Fremde sind ein Grund zur Freude und verdienen besondere Fürsorge.

Ein Kompromiss oder ein Provisorium ist auch eine Lösung und oft keine schlechte. Oder zumindest die einzige, die zu haben ist. Perfektionismus ist kompliziert und langweilig.
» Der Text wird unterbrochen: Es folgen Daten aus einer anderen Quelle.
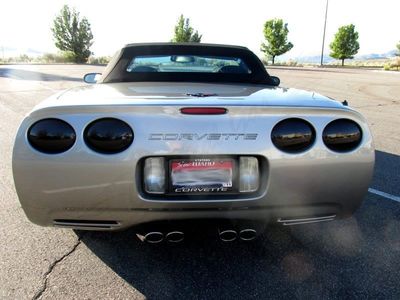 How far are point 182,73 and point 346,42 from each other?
179 feet

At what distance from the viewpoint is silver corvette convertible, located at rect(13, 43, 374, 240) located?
6.65 ft

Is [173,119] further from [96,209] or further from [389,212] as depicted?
[389,212]

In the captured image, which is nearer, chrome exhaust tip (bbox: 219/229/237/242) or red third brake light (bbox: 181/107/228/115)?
red third brake light (bbox: 181/107/228/115)

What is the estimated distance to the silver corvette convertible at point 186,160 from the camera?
6.65 feet

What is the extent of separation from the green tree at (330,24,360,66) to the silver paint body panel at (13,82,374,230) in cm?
5511

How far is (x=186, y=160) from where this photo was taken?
207 cm

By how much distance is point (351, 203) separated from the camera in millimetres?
2334

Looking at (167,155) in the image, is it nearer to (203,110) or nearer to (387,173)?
(203,110)

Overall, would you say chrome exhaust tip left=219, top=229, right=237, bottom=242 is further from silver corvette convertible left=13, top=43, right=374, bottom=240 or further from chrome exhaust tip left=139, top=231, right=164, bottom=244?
chrome exhaust tip left=139, top=231, right=164, bottom=244

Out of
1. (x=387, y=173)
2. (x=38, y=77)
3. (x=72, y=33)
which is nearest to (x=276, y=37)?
(x=72, y=33)

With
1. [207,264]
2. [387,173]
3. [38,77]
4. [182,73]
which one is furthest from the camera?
[38,77]

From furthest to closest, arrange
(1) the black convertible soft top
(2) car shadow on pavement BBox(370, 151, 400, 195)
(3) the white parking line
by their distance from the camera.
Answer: (2) car shadow on pavement BBox(370, 151, 400, 195) → (3) the white parking line → (1) the black convertible soft top

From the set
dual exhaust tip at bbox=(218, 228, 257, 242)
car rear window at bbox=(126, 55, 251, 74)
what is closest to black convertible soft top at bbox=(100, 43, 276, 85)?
car rear window at bbox=(126, 55, 251, 74)

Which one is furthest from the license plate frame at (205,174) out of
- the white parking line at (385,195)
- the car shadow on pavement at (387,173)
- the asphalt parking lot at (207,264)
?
the car shadow on pavement at (387,173) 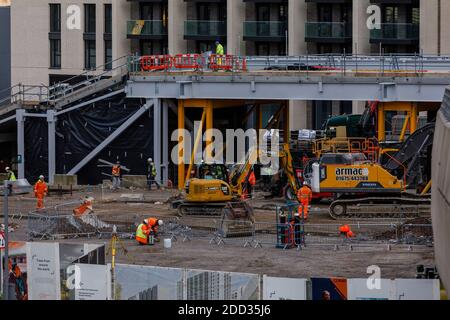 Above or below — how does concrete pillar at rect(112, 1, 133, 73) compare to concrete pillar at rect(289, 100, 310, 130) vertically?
above

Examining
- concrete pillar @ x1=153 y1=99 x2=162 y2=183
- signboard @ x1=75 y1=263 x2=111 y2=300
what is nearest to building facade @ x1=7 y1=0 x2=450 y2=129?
concrete pillar @ x1=153 y1=99 x2=162 y2=183

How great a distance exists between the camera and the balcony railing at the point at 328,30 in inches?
2950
Wie man sich kleidet, ist niemals zu vernachlässigen. Um mit dem Motto eines burkinabischen Modegeschäftes zu sprechen: »Le style et le goût, ça parle de la reputation«. Und damit demnächst zurück ins Mutterland von Camp David. 

29.12.

Die Antwort auf die Frage, wie die christlichen Ghanaer Silvester feiern, in einem Claim: »Pray Your Way Into 2018«. Das Ganze nennt sich Crossover und geht um 20.30 Uhr los, in a church near you. Das islamische Jahr geht am 11. September 2018 zu Ende – ich glaube also, es wird ein ruhiger Abend in Accra. 
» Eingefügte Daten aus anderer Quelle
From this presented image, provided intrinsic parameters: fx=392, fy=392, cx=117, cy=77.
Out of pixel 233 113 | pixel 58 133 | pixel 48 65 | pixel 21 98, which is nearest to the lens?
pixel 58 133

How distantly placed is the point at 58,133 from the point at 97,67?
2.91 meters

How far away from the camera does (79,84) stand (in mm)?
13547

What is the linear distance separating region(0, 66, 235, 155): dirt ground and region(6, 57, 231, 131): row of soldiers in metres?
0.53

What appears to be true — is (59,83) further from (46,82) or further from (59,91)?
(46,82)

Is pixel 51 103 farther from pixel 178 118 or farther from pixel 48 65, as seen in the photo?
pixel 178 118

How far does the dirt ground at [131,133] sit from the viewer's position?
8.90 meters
Apropos Ruhe: Ich finde ja, auch deutsche Tankstellen sollten grundsätzlich mit lauter Musik beschallt werden – Highlife und Afrobeat, versteht sich. Das hebt die Laune. Kwame, ein  sehr süßer und belesener Taxifahrer, mit dem ich gestern eine Stunde im Feiertagsrückkehrerstau verbrachte und der sich bereitwillig von mir den Weg zeigen ließ (»Ich versuche von jedem meiner Fahrgäste etwas zu lernen«, sagte er. Er interessierte sich besonders fürs deutsche Schulsystem. Er hat zehn Vollgeschwister, darunter drei (!!) Zwillingspaare. Ich rief: »Wie hat das deine Mutter nur hinbekommen!«, er sagte: »Ihr geht es gut, nur mein Vater ist schon tot«), wünschte sich, dass ich ihm zum Abschied ein deutsches Lied singe. Mir fiel tatsächlich als erstes Atemlos ein – das darf doch bitte nicht wahr sein! Ich sang dann LaLeLu, was Besseres hatte ich auf die Schnelle nicht zur Verfügung. Der populäre ghanaische Tanz, das lernte ich dann von Kwame, heißt übrigens Azonto.